Source records ▸
○ ○ ○ ○

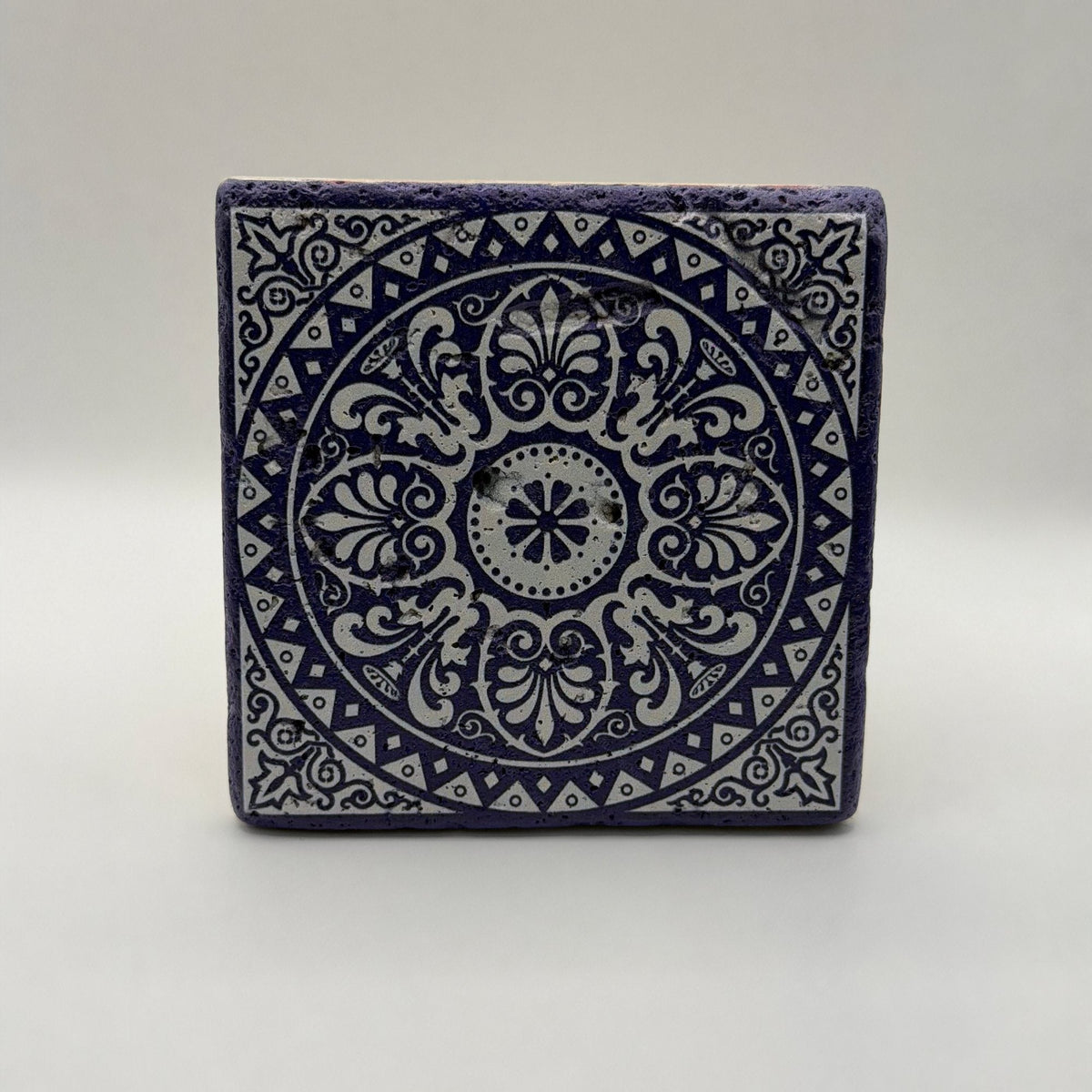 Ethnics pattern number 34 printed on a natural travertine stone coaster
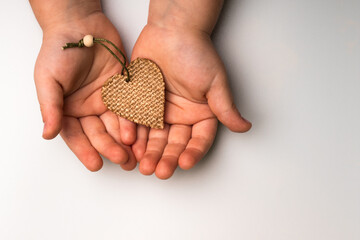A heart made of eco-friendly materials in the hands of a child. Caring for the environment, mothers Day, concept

○ ○ ○ ○

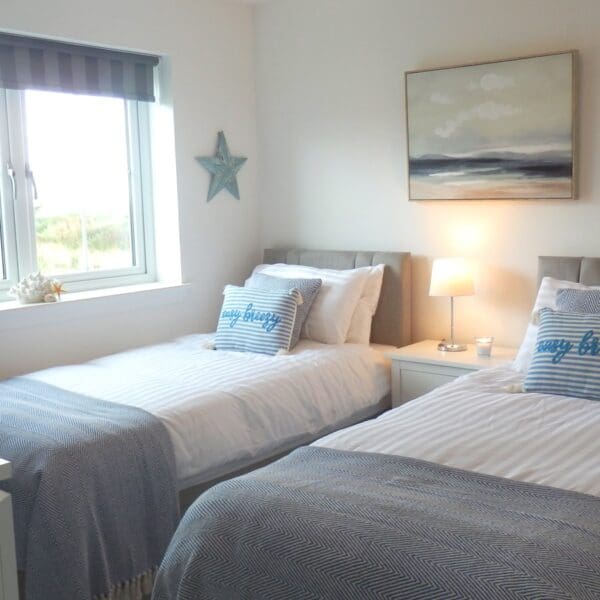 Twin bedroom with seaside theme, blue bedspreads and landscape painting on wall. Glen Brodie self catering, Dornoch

○ ○ ○ ○

Work request ▸ Beginning with the line that contains "Ethnics pattern number", write out the lines of the material above exactly, and end with the line that contains "A heart made". Omit the pictures.

Answer to the problem ▸
 Ethnics pattern number 34 printed on a natural travertine stone coaster
A heart made of eco-friendly materials in the hands of a child. Caring for the environment, mothers Day, concept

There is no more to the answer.